Exercise requirements: Your answer should hold only the lines from the one containing "Hope Solo Quotes: I" through the last line below, copied exactly; pictures stay out.

Data excerpt:
****************

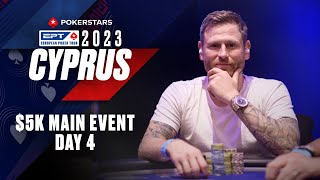 EPT CYPRUS 2023 LIVESTREAM: $5K MAIN EVENT - DAY 4 ♠️ PokerStars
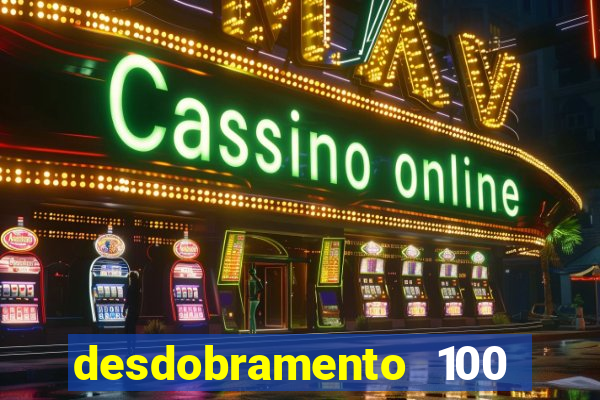 desdobramento 100 dezenas em apenas 6 jogos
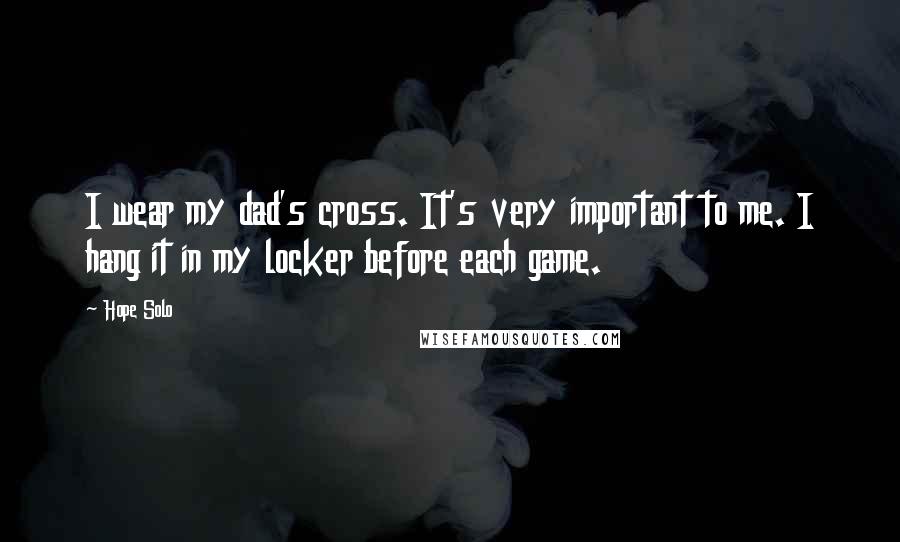 Hope Solo Quotes: I wear my dad's cross. It's very important to me. I hang it in my locker before each game.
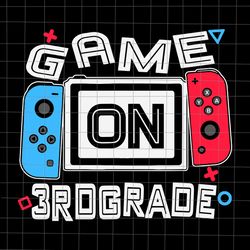 game on 3rd grade svg, funny gamer svg, back to school svg, gamer svg, 3rd grade svg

****************

Result:
 Hope Solo Quotes: I wear my dad's cross. It's very important to me. I hang it in my locker before each game.
 game on 3rd grade svg, funny gamer svg, back to school svg, gamer svg, 3rd grade svg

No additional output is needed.